- PROBLEM TO SOLVE: Look in the listing below for the line that has "Peter Atwood Atwrench", then return it and each following line up to and including the one with "Versace man eau fraiche тестер", exactly and without pictures.

- AVAILABLE DATA:
........

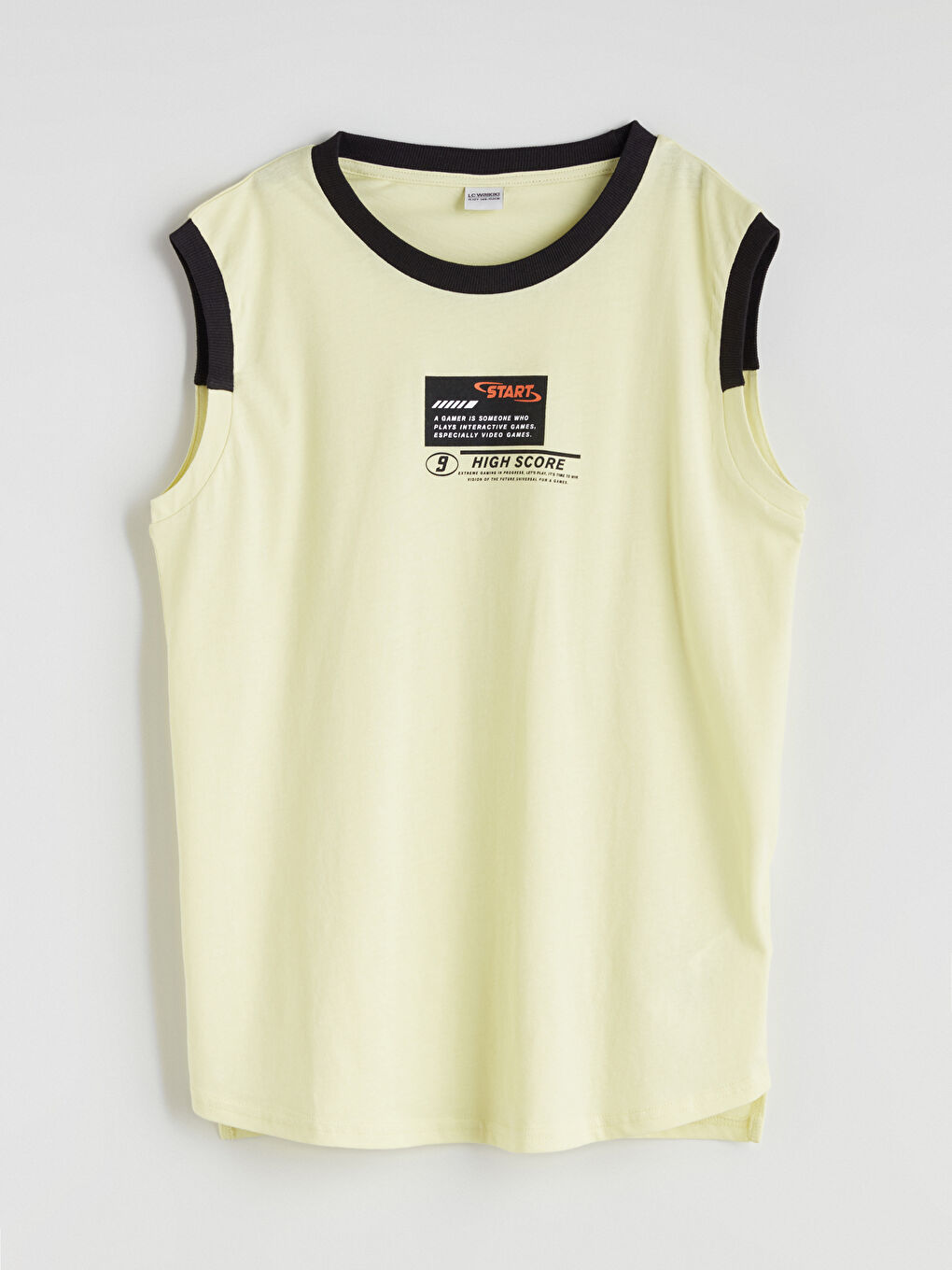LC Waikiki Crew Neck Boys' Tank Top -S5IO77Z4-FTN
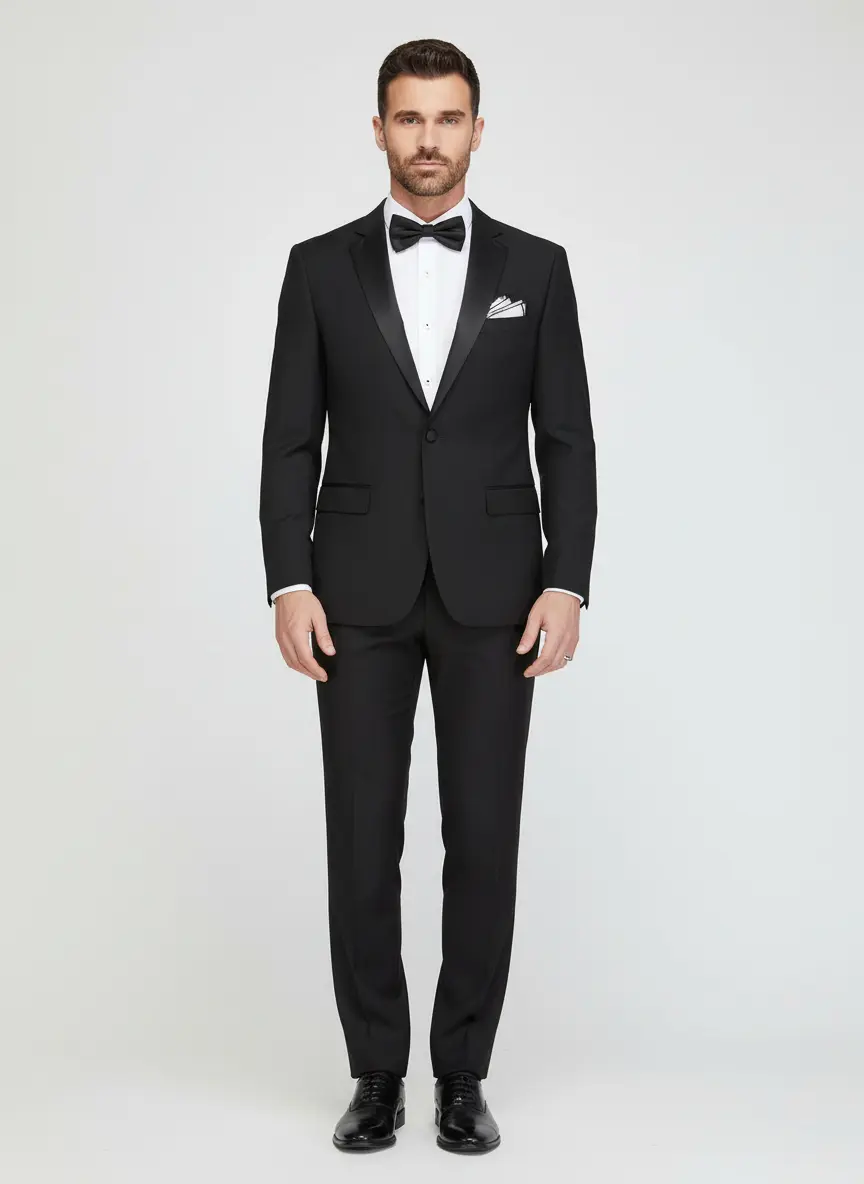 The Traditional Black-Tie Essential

........

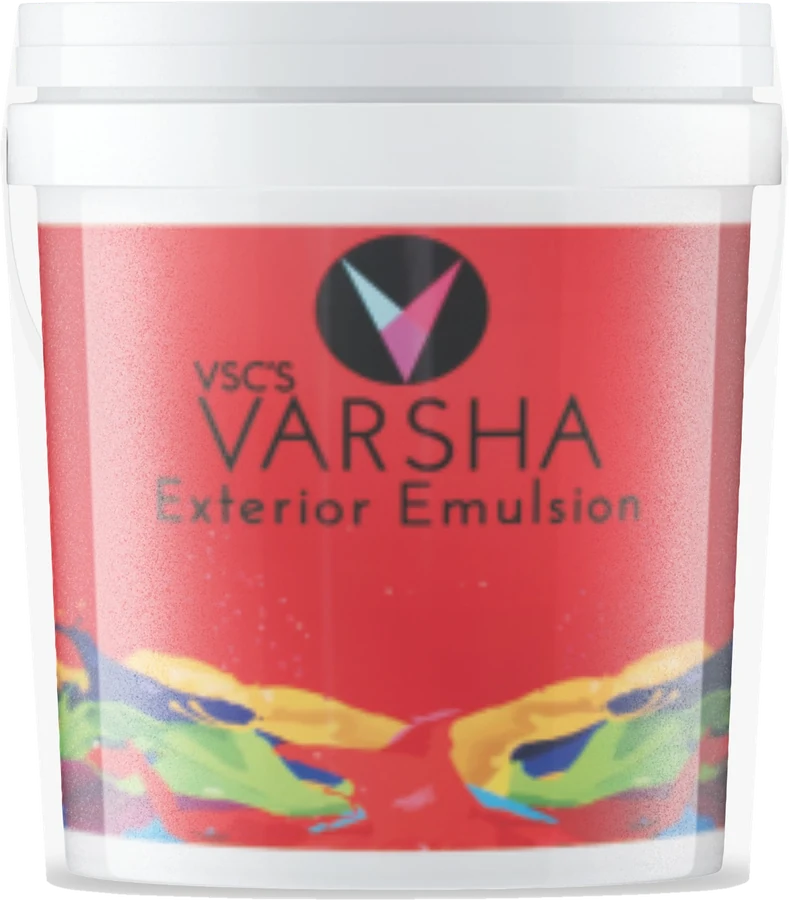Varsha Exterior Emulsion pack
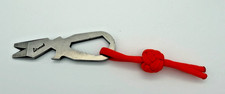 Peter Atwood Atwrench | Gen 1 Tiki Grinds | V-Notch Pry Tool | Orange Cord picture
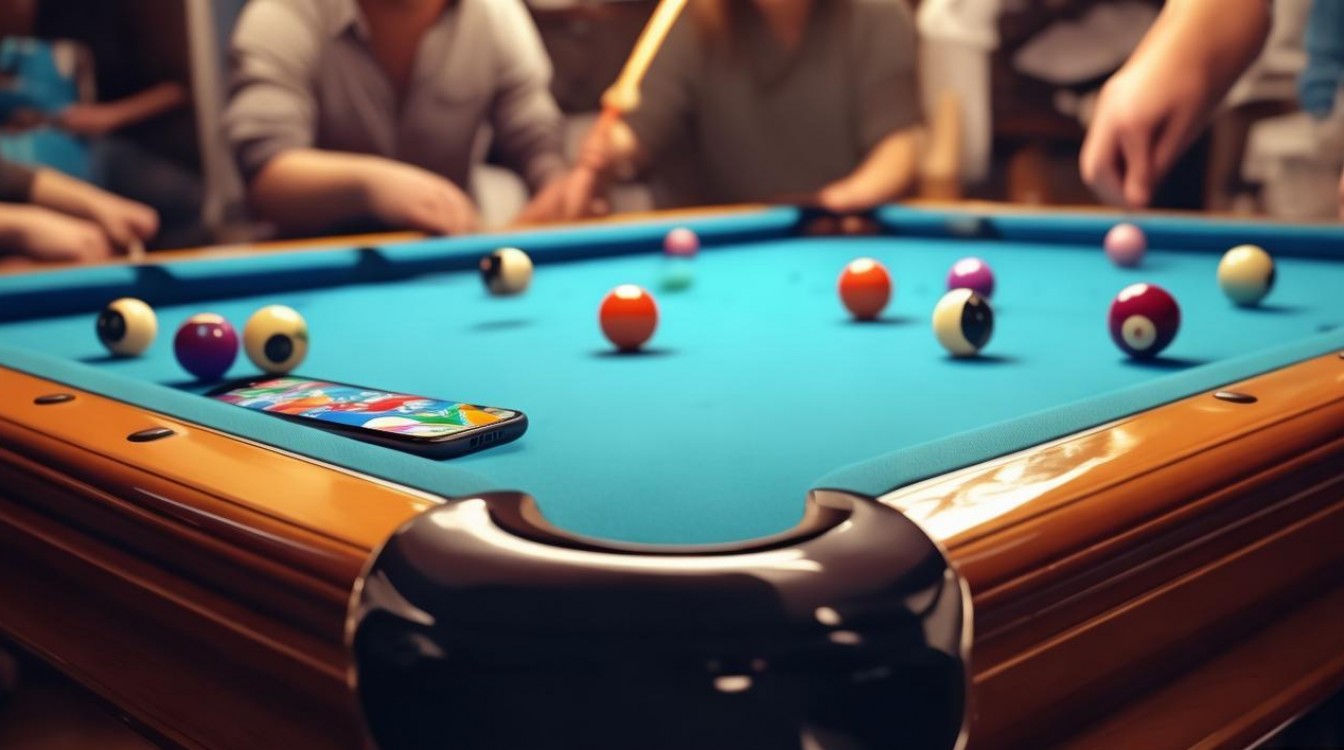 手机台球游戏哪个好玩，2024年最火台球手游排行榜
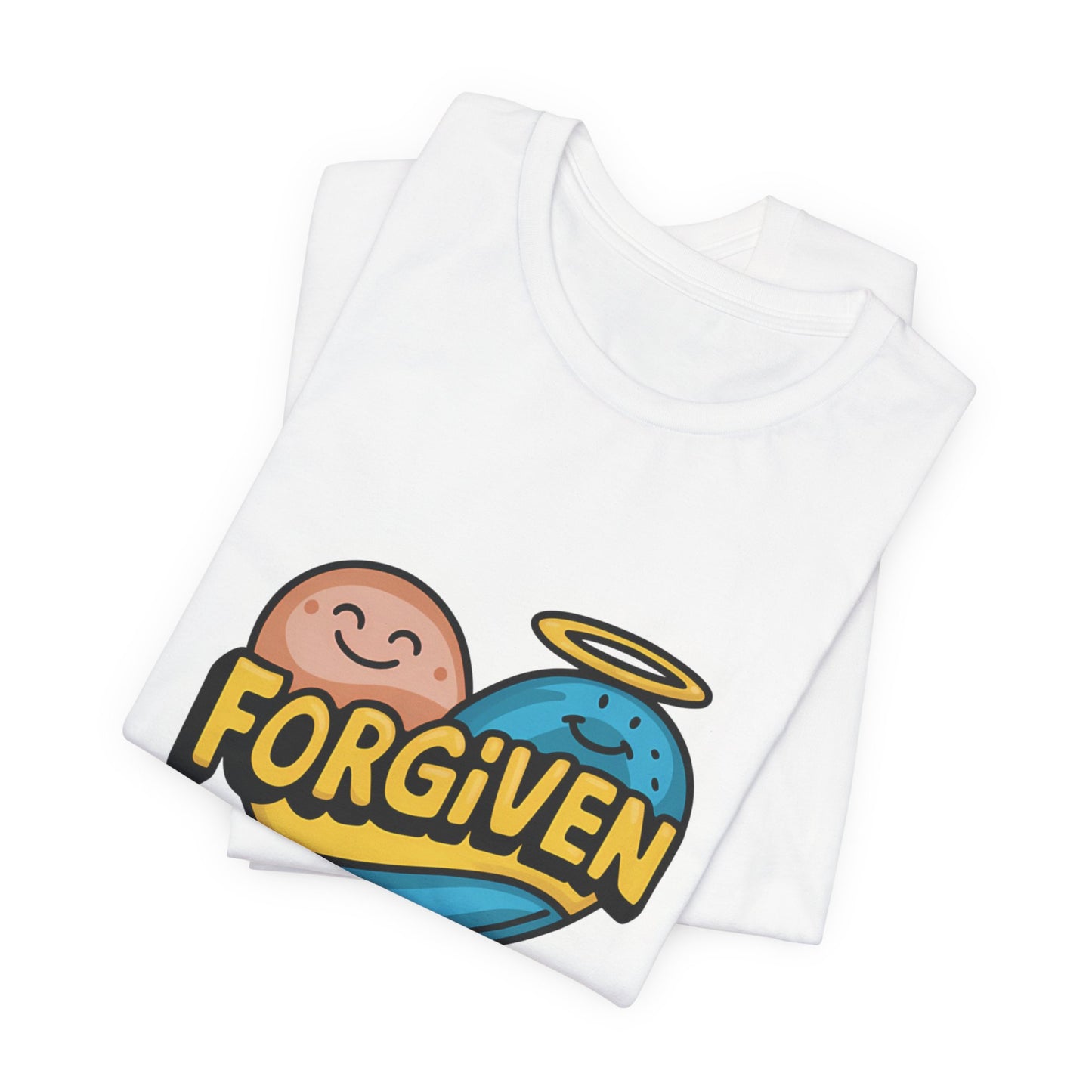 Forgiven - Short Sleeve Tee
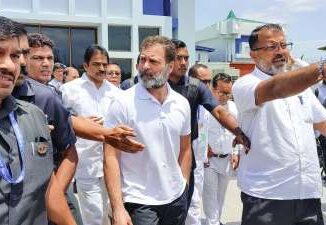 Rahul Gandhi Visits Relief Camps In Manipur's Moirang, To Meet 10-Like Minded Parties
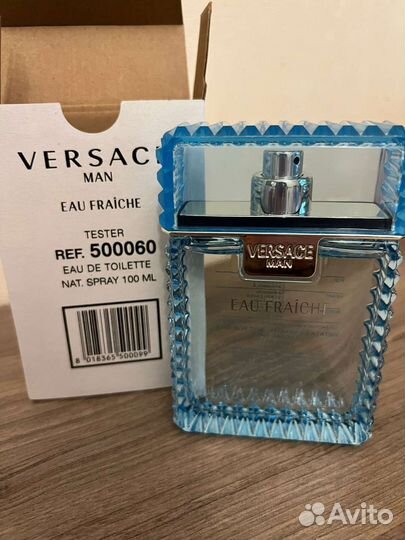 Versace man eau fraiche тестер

........

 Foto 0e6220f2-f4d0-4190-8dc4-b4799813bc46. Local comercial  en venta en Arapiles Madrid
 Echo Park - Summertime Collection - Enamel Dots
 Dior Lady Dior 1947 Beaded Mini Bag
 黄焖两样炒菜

........

- YOUR RESPONSE:
 Peter Atwood Atwrench | Gen 1 Tiki Grinds | V-Notch Pry Tool | Orange Cord picture
 手机台球游戏哪个好玩，2024年最火台球手游排行榜
 Forgiven - Short Sleeve Tee
 Rahul Gandhi Visits Relief Camps In Manipur's Moirang, To Meet 10-Like Minded Parties
 Versace man eau fraiche тестер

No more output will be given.